Report all lines below with the word "train".

SUPPLIED DATA Block Start

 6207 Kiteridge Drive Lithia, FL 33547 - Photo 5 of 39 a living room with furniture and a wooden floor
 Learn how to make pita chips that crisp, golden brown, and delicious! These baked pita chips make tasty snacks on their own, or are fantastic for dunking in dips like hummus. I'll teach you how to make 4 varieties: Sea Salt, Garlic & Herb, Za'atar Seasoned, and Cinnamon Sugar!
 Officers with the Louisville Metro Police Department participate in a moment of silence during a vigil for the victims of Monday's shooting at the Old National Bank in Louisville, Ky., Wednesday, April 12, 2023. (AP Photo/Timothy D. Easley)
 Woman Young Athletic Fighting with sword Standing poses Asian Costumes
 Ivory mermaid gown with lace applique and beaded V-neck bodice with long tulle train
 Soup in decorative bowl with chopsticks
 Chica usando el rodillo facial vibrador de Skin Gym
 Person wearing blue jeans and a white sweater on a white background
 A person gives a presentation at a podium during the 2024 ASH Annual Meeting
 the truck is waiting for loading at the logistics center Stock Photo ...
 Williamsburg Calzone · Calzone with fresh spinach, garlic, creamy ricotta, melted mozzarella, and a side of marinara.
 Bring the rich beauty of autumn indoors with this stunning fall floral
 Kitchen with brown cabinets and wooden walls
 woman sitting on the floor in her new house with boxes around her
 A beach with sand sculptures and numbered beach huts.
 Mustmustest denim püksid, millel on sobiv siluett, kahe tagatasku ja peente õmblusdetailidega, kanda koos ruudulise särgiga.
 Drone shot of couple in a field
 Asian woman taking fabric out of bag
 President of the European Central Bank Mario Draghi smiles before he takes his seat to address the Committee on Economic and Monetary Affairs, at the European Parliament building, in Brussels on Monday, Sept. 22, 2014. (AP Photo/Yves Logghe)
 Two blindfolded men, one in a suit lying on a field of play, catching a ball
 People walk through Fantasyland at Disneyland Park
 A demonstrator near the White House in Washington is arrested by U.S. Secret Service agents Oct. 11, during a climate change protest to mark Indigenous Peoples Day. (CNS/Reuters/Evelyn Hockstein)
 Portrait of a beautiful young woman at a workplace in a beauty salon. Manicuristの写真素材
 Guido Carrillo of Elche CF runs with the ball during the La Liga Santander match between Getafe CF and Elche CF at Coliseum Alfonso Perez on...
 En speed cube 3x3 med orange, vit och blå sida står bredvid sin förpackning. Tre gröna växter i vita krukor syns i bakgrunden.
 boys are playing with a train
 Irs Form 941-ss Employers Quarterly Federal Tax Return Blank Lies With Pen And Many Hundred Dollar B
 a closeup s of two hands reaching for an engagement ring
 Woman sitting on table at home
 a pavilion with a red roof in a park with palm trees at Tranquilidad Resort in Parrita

SUPPLIED DATA Block End

EXERCISE RESPONSE:
 Ivory mermaid gown with lace applique and beaded V-neck bodice with long tulle train
 boys are playing with a train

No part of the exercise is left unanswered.